Updated July 10, 2023

Introduction to Hive Versions

Hive is the data warehousing tool built on top of Hadoop for data processing for large data sets. It was released in 2010 and is the most widely used ETL and data processing tool. After the release, Hive came over with many improvements and bug fixes with its versions upgraded. The latest stable release for Hive came in August 2019 that is in use. HIVE has undergone several updates, resulting in increased durability and improved functionality.

Top 7 Versions of Hive

The various ways of running a hive using these versions are described below.

1. Version 0.9.0

Hive version 0.9.0 fixed the bug for timestampWritable.java that was causing data corruption. This was the initial version with the release date as 3 Dec 2013. Map Reduce versions 2.x and 3.x introduced various new functionalities and resolved existing bugs. The get schema() function was not returning the correct schema for Explain queries. Hdfs were hard coded, which was the barrier to using other file systems. The Hive’s latest version included numerous bugs of this kind.

2. Version 0.10.0

This hive version fixed several noted issues as the release came sooner after the 0.9 version. The software had some problems with bugs that caused syntax errors, memory leakage, and null pointer replacement within nested UDFs. However, these bugs have been fixed in the updated version of Hive 0.10.

3. Version 0.11.0

They released a new version of Hive, known as version 0.10, in August 2014 to fix major bugs they encountered. This version includes a significant modification that will cause the server to go into a SHUTDOWN state if it executes any incorrect queries. Map joins were not giving the correct results; under java 7 hive compiler showed issues; these were the major bug handled in this version.

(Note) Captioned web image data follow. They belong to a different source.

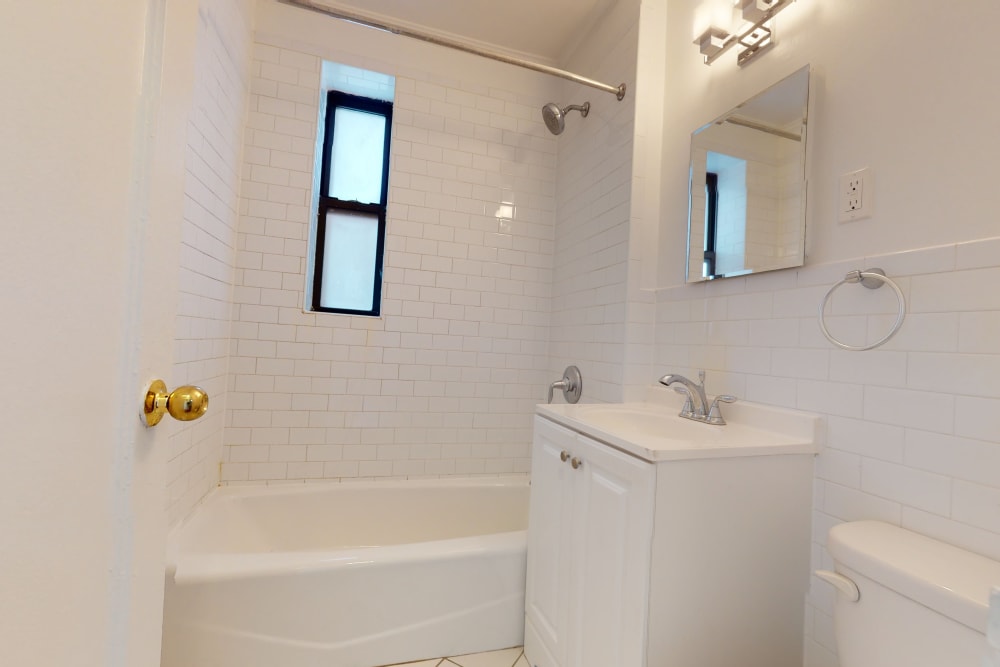 Small vanity and mirror in the bathroom at Eastgold NYC in New York, New York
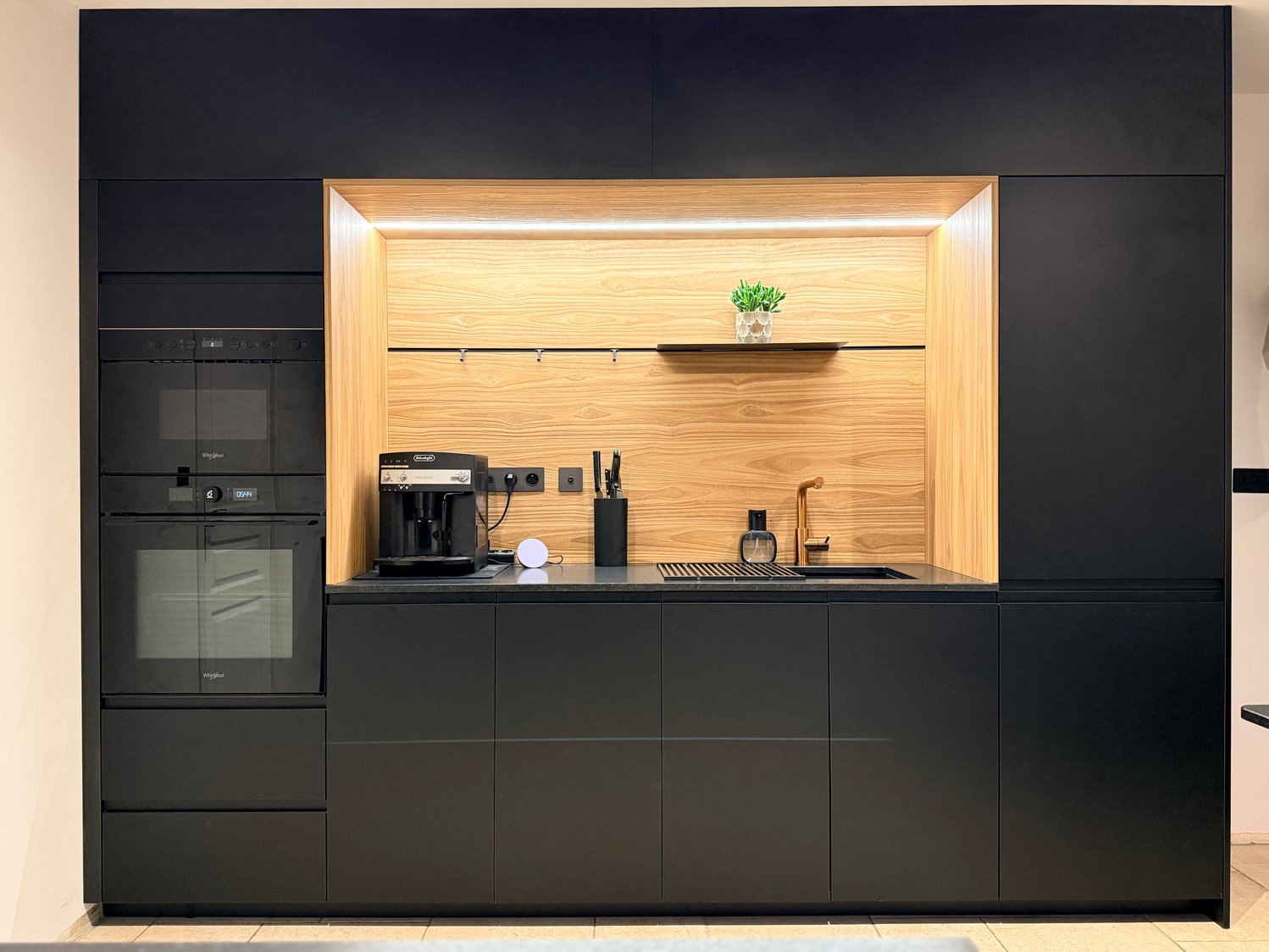 La niche en chêne Okobo, éclairée en LED, s'impose comme un écrin lumineux dans l'écrin noir mat.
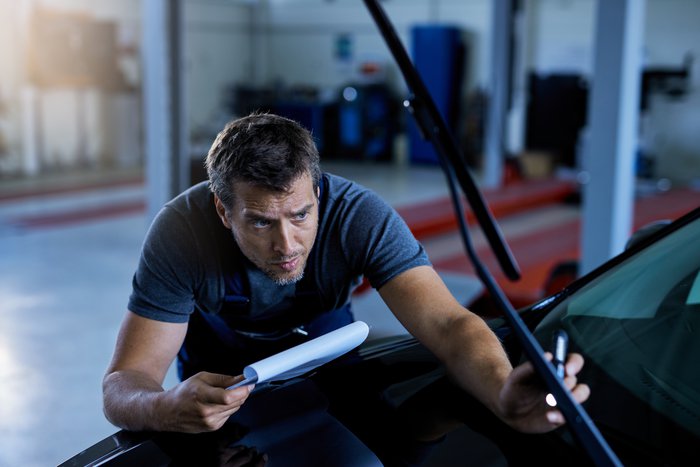 car-mechanic-examining-vehicle-problems-while-working-at-auto-repair-shop.jpg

While mixing Avro and snappy null values was returned, this bug was also solved in this release. Also, inserting multiple overwrite into multiple tables stored the same results in all the tables handled in this release.

4. Version 0.12.0

This release for Hive added a new Data Type Date. This data type made inserting a date in the hive columns easy. The system now cleans up the contents in the scratch directories. We could define functions with HQL. The development team introduced the exchange partition functionality in the Hive version.

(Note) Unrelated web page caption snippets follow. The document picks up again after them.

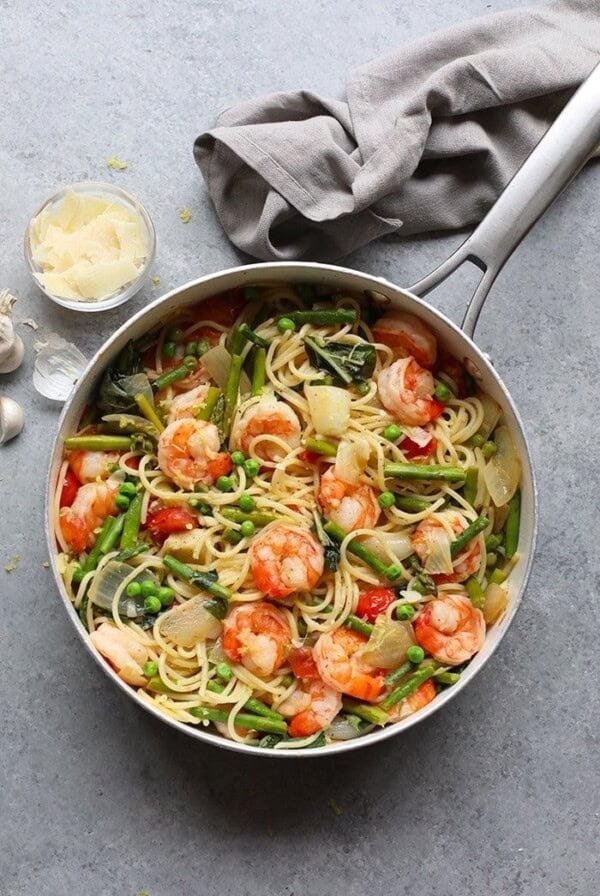 A pan with shrimp scampi and asparagus in it.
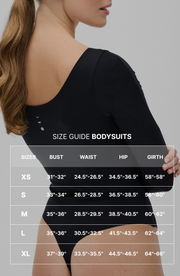 Side profile of a woman in the Elastique Athletics Iconic black bodysuit with Size Guide overlay displayed across the image.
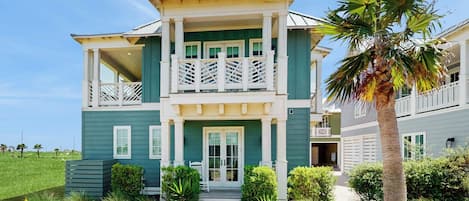 Une maison à deux étages dotée d’un balcon, d’un porche et d’un jardin bien entretenu.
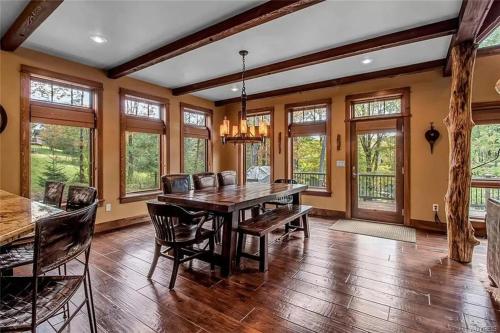 a dining room with a wooden table and chairs at Luxurious Chalet! Hot-tub, Bonfire & Ideal Location for Skiing & Town in Ellicottville
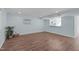 Spacious living room with wood floors, neutral walls and a view into the kitchen at 7715 Bernadette Ln, Raleigh, NC 27615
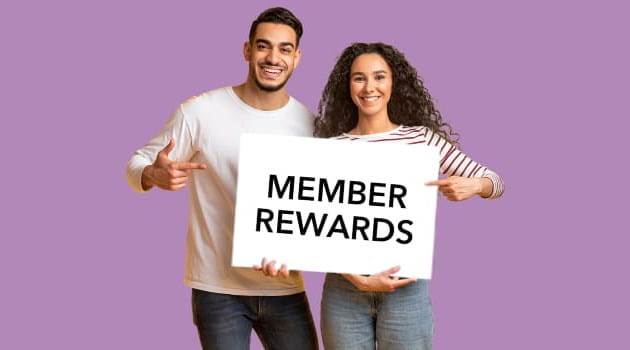 A man and a woman holding the member rewards sign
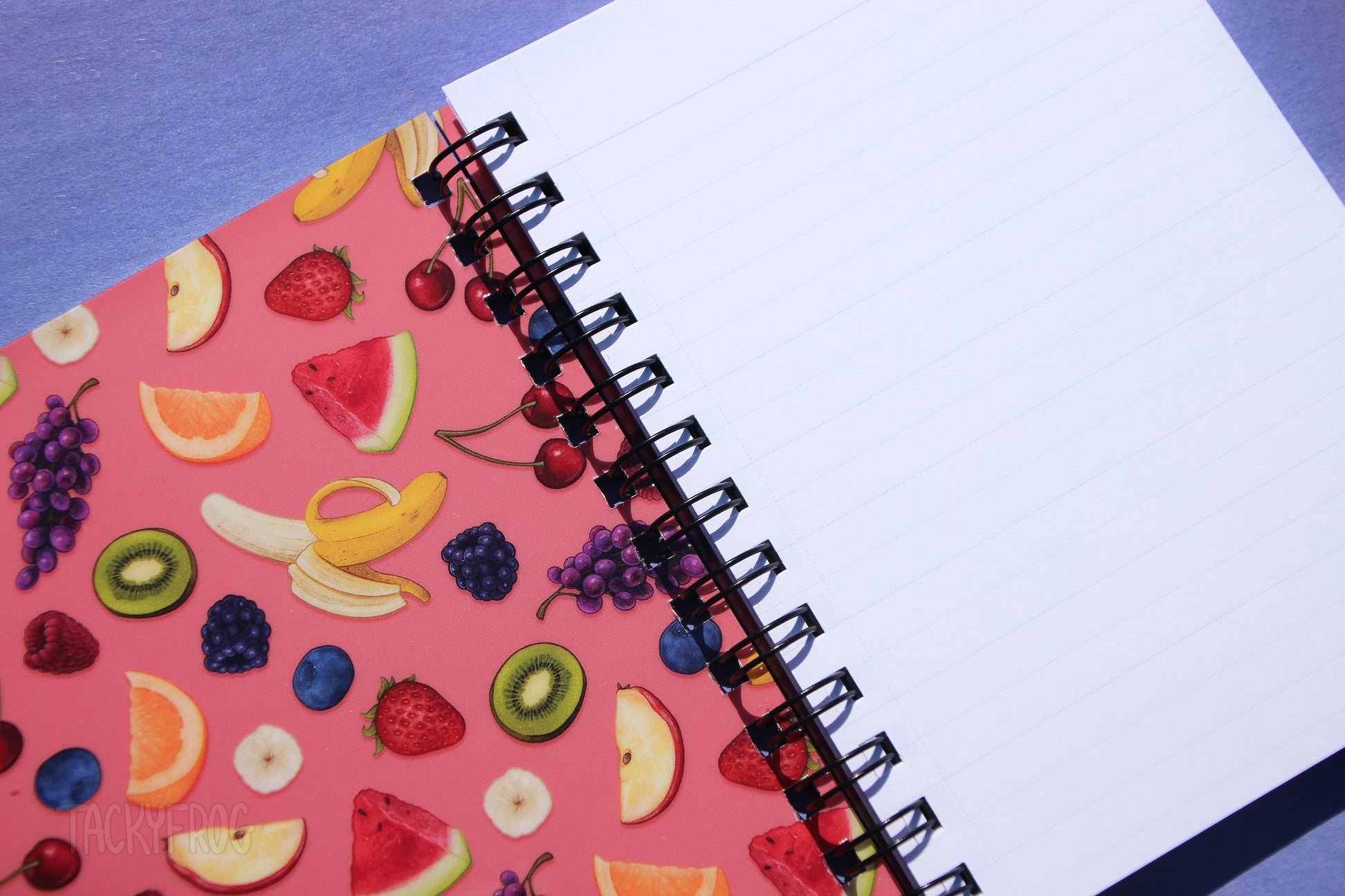 Both sides of the front and back cover feature the colorful fruit pattern. The pages are ruled line.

Spark SQL was introduced to work with HIVE; we can also use the Hive with HBASE. Format_number started supporting the decimal data type. In this release of the Hive, the development team resolved the bug that caused Hive to continuously retry deleting a lock even when Zookeeper responded that the node did not exist. As a result, Hive no longer attempts this operation unnecessarily. The Hive has introduced the Varchar data type and supports in-memory PTF transactions.

5. Version 0.13.0

Hive came upon another update over mid of 2014, adding some extra features to Hive’s functionalities and making it much stronger. This release introduced several additional features, including the char data type, subquery support, permanent UDFs, ORC file footer support, and improved hive precision. While creating or dropping a database, the permission was modified as the same, which can be done only by checking the user’s permission. It started skipping the Header and Footer rows while reading the data file. You can use an introduced UDF to calculate the distance between geographical coordinates.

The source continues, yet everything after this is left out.